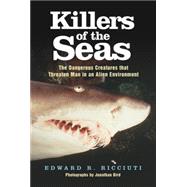 Killers of the Seas : The Dangerous Creatures That Threaten Man in an Alien Environment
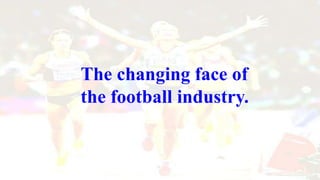 The changing face of
the football industry.
 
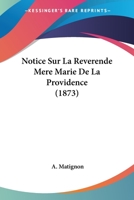 Notice Sur La Reverende Mere Marie De La Providence (1873) 1160209847 Book Cover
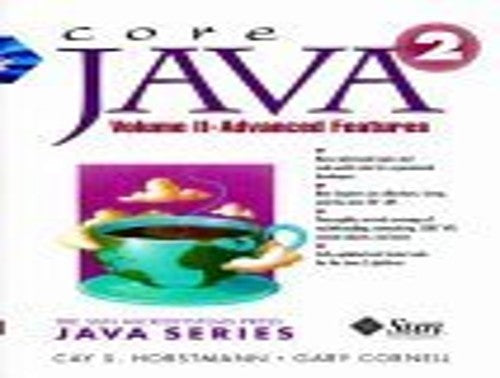 Core Java (TM) 2, Volume II--Advanced Features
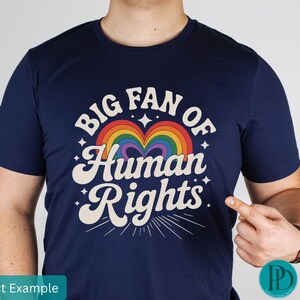 Big Fan of Human Rights PNG, Rainbow Heart Sublimation, Gay Pride Equality Clipart, Human Rights Shirt Graphic Design, LGBTQIA Download image 4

■ Work instructions:
Set down word for word every line from the one containing "the football industry." through the last line of the records above, both ends included. Leave out the pictures.

■ Output:
the football industry.
 
 Notice Sur La Reverende Mere Marie De La Providence (1873) 1160209847 Book Cover
 Core Java (TM) 2, Volume II--Advanced Features
 Big Fan of Human Rights PNG, Rainbow Heart Sublimation, Gay Pride Equality Clipart, Human Rights Shirt Graphic Design, LGBTQIA Download image 4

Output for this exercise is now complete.